*** Begin section ***
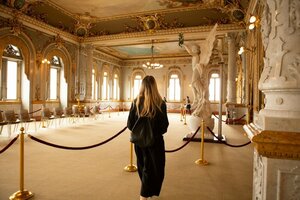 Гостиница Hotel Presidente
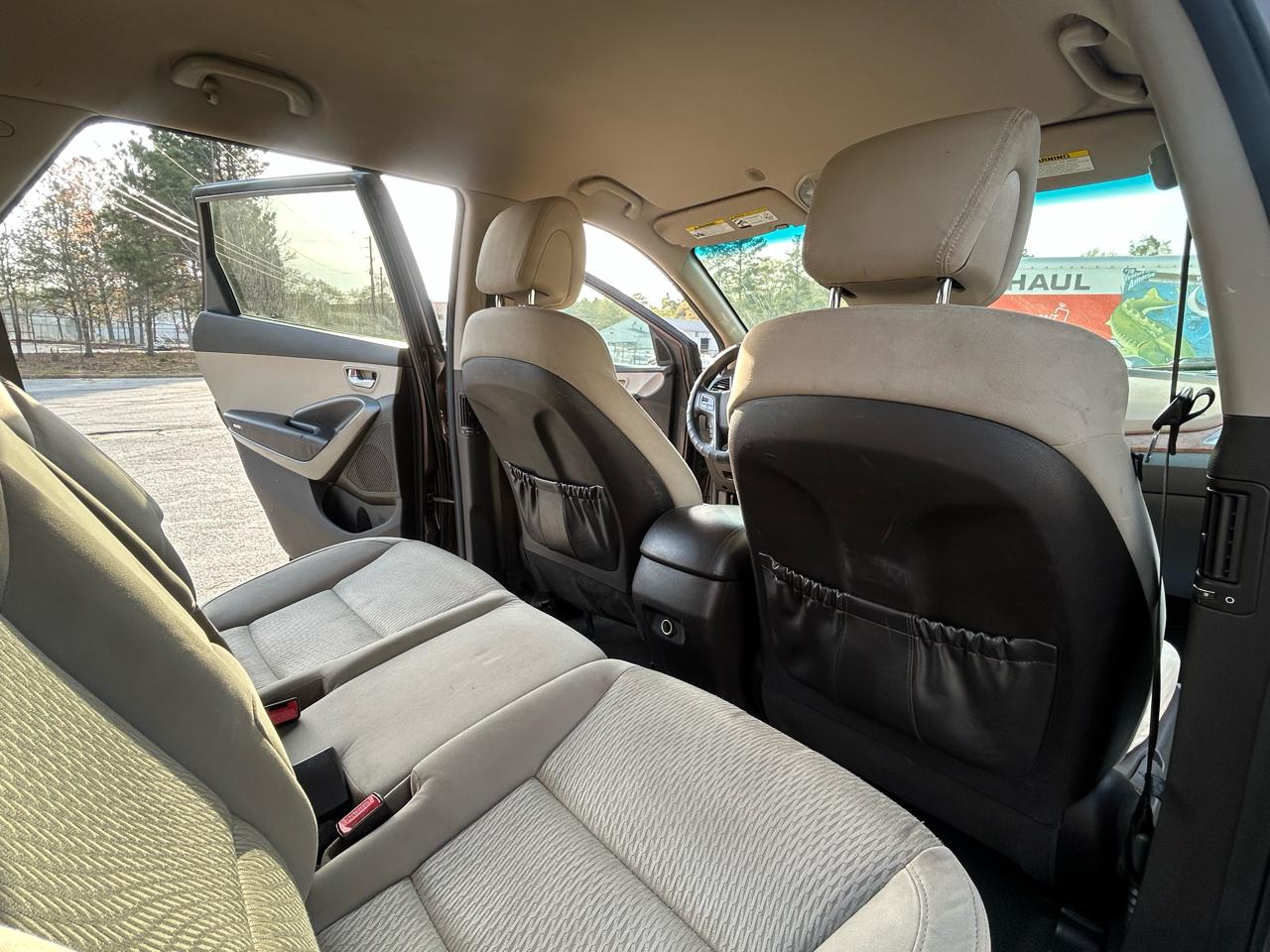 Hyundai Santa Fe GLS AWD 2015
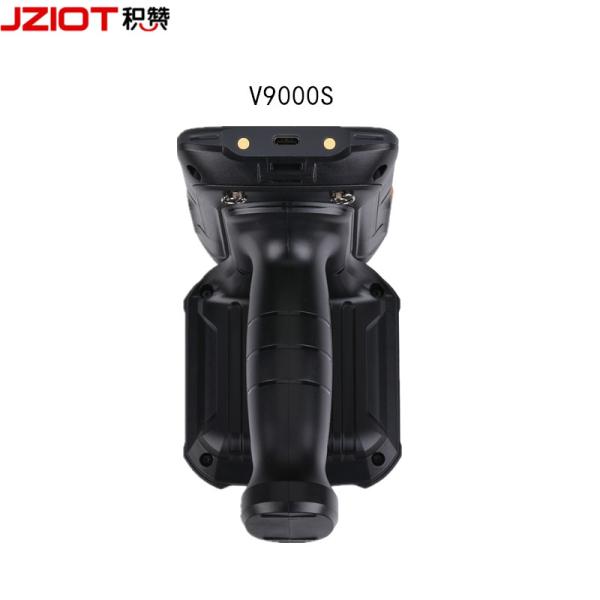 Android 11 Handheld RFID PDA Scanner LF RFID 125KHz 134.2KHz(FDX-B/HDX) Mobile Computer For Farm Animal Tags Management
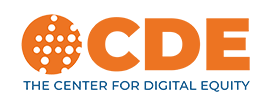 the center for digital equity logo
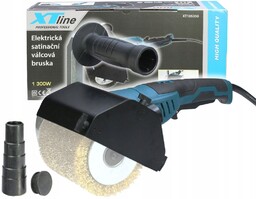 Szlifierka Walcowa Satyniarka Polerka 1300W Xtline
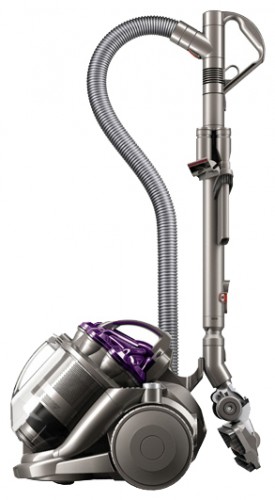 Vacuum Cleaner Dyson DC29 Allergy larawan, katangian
*** End section ***
§ **Work to complete**: Leave the pictures out, and copy exactly each line from the one containing "Szlifierka Walcowa Satyniarka" through the final line of the data.

§ **Task answer**:
 Szlifierka Walcowa Satyniarka Polerka 1300W Xtline
 Vacuum Cleaner Dyson DC29 Allergy larawan, katangian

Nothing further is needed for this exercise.